━━ Provided material

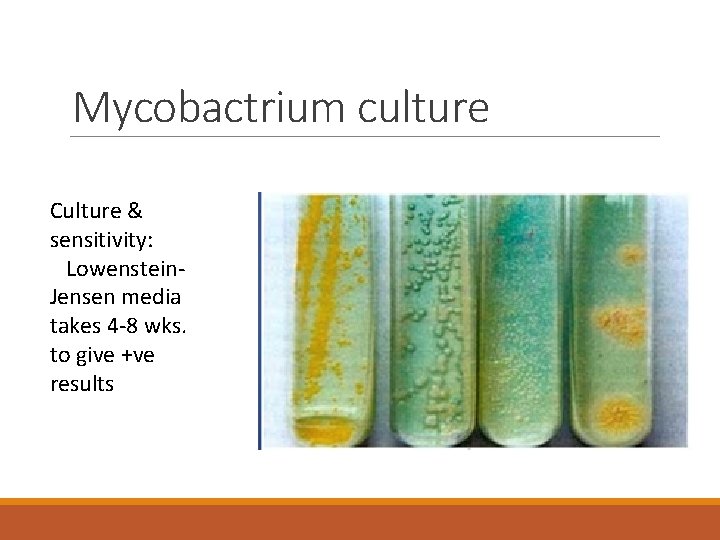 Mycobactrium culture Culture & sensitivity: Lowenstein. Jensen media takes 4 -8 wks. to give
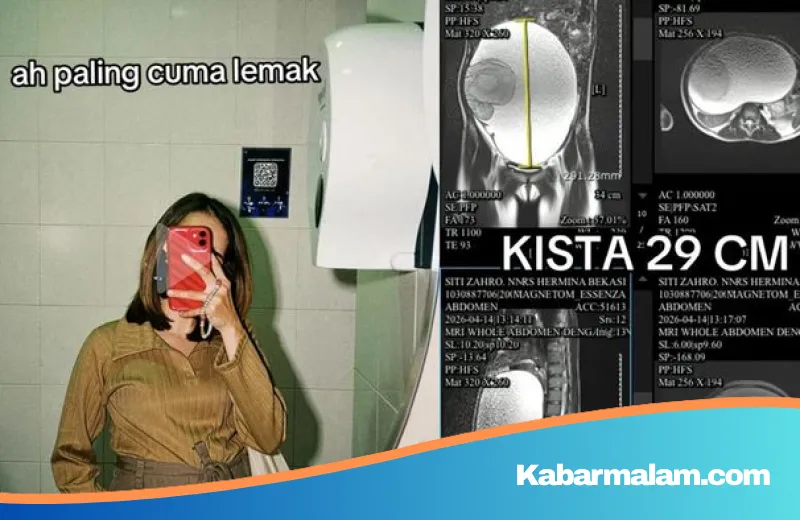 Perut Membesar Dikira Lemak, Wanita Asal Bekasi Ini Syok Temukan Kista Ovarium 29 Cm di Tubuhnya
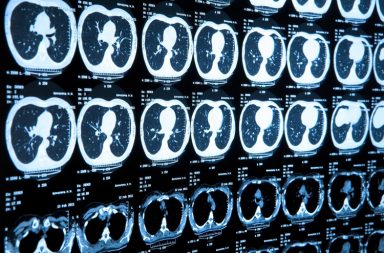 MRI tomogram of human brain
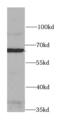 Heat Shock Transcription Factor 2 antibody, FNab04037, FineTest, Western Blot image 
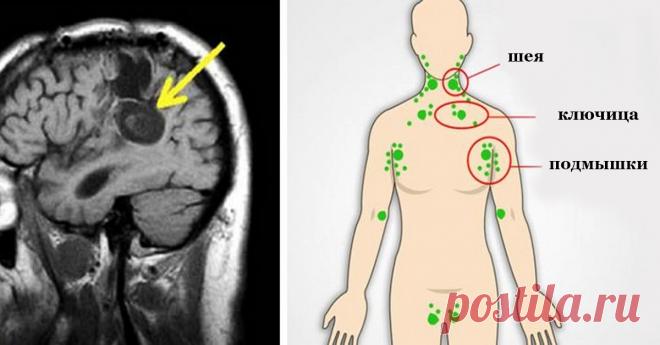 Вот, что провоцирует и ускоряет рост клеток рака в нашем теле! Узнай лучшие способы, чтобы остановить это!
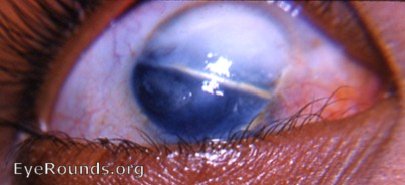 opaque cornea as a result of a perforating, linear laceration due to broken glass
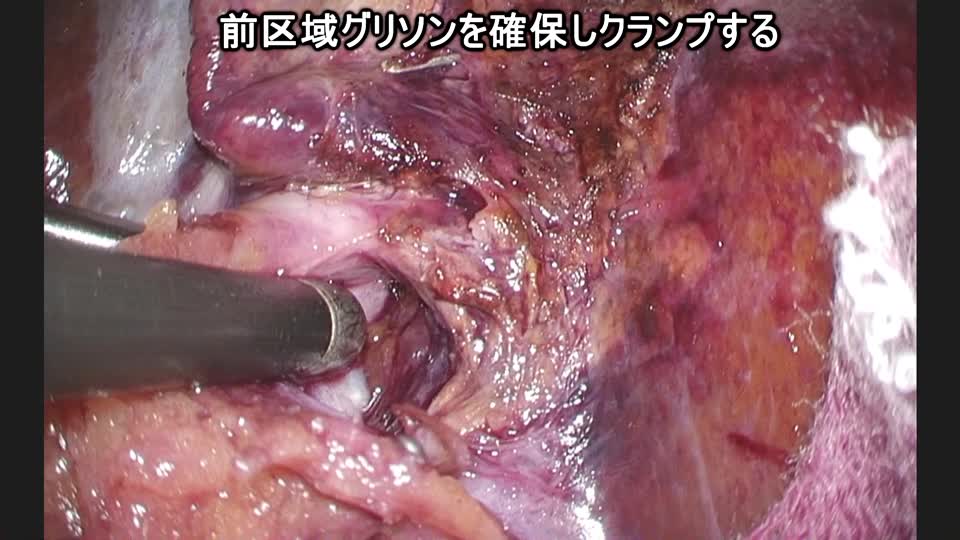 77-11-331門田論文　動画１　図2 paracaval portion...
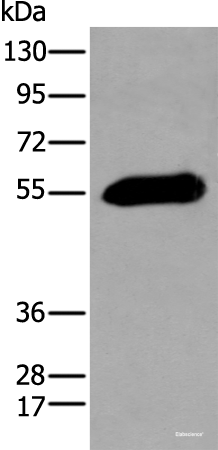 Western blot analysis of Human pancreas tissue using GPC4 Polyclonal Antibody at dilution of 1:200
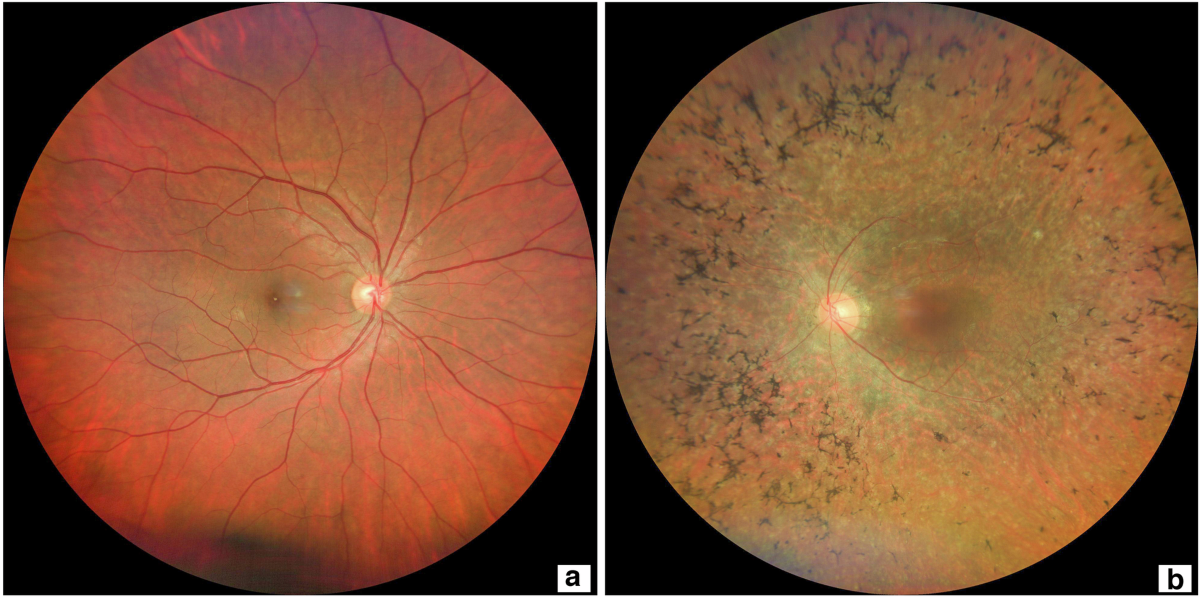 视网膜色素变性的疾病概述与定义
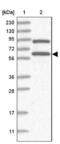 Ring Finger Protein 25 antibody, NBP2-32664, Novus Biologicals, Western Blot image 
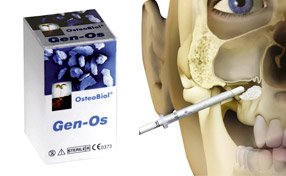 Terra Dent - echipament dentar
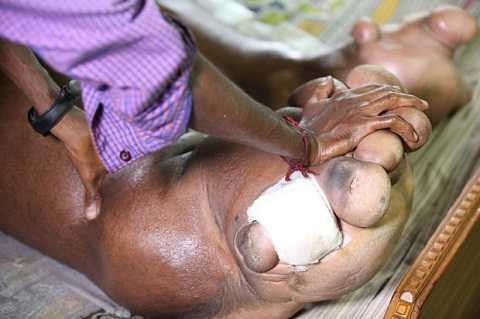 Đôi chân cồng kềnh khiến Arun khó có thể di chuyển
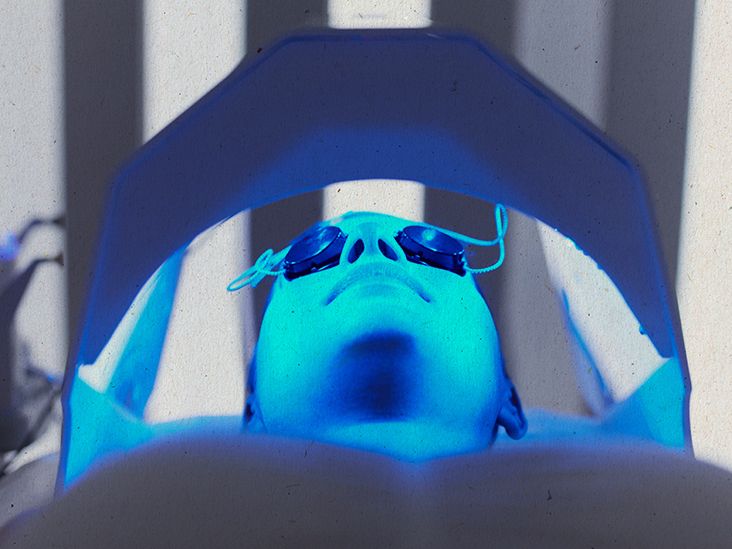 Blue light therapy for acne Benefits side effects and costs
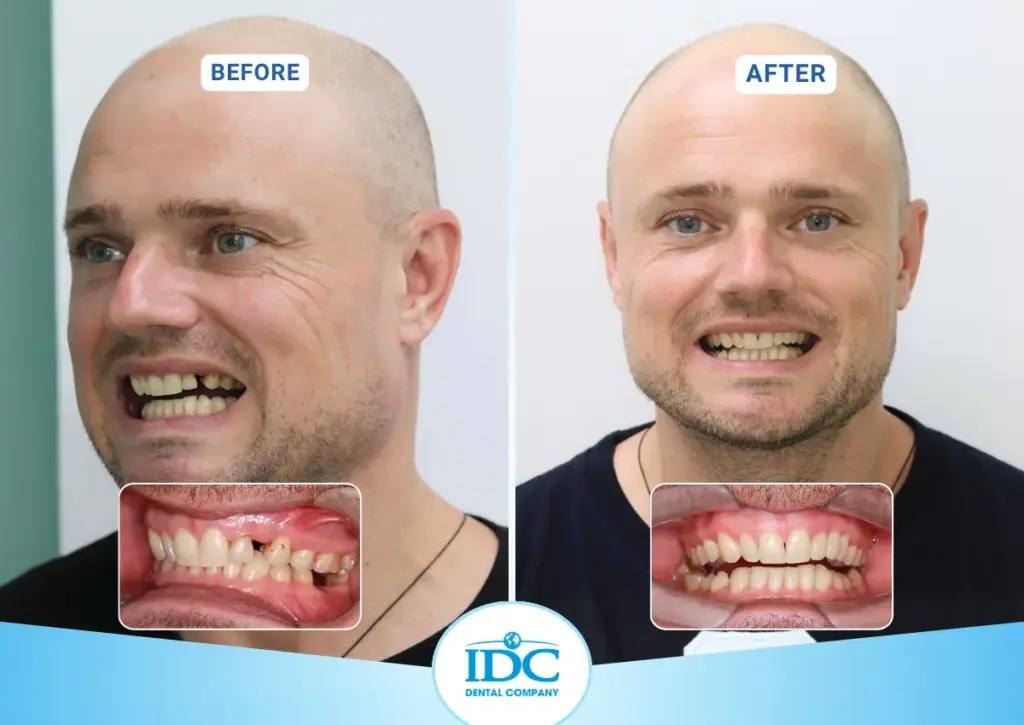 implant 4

━━━━

■ **What needs to be done**: If a picture appears among the records, leave it out, and otherwise reproduce exactly every line from the first line through the one with "opaque cornea as", both included.

■ **Response**:
 Mycobactrium culture Culture & sensitivity: Lowenstein. Jensen media takes 4 -8 wks. to give
 Perut Membesar Dikira Lemak, Wanita Asal Bekasi Ini Syok Temukan Kista Ovarium 29 Cm di Tubuhnya
 MRI tomogram of human brain
 Heat Shock Transcription Factor 2 antibody, FNab04037, FineTest, Western Blot image 
 Вот, что провоцирует и ускоряет рост клеток рака в нашем теле! Узнай лучшие способы, чтобы остановить это!
 opaque cornea as a result of a perforating, linear laceration due to broken glass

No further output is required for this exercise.